The number of visitors to the Trang An limestone complex in northern Vietnam far exceeds UNESCO’s recommendation but local authorities deem it “acceptable.”
The tourism department of Ninh Binh Province, home to the complex, said early this week that UNESCO has issued a warning. The complex can allow a maximum of 3.5 million visitors a year, according to UNESCO’s heritage management plan, but the number was 7.4 million this year.
Given the National Tourism Year to be celebrated in Ninh Binh with a series of cultural events next year, the number of people visiting the UNESCO heritage site is likely to be even higher.
The Trang An limestone complex is famous for boat tours of caves and attracts millions of visitors every year.
However, local tourism officials dismissed the fears saying visitors mainly sit on boats for cave tours, and there are not many entertainment or eating options, which would affect the heritage site.
They claimed the tourist overload only happens during the Lunar New Year festival, or Tet, the biggest and most important holiday in Vietnam, while some tourist sites of the complex have yet to be overloaded.

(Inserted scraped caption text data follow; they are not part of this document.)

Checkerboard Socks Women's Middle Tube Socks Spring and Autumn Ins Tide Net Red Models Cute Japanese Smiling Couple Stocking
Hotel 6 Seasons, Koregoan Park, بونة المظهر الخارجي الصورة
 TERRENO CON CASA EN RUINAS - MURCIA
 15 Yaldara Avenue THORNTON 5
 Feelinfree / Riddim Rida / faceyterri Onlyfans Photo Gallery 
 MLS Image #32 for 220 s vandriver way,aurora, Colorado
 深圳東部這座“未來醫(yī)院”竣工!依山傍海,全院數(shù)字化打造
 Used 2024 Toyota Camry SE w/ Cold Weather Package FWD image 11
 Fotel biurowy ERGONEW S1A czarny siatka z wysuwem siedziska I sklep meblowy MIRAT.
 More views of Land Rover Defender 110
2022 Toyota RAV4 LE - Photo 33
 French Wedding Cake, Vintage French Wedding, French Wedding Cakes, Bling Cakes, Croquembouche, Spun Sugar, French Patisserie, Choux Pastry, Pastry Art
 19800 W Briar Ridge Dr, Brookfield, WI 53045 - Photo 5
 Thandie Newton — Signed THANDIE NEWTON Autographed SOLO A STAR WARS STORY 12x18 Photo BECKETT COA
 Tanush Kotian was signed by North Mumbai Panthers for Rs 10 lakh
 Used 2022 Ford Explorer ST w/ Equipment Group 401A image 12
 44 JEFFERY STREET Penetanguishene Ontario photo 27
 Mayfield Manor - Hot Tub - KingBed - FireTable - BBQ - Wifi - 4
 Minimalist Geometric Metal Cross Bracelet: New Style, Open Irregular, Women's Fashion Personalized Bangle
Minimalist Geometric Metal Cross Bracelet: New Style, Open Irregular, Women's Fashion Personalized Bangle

Deputy Minister of Culture, Sports and Tourism Truong Quang Tung has asked Ninh Binh authorities to control tourist numbers, citing holiday crowds a common sight at major tourist hotspots such as Ha Long Bay, Sa Pa, Phu Quoc Island and Nha Trang.
UNESCO recognized Trang An, 95 km south of Hanoi, as a world heritage in 2014 for “a mixed cultural and natural property where archaeological traces of human activity over 30,000 years have been found.” It is also home to Hoa Lu, the capital of Vietnam in the 10th and 11th centuries, temples, pagodas, paddy fields, and small villages.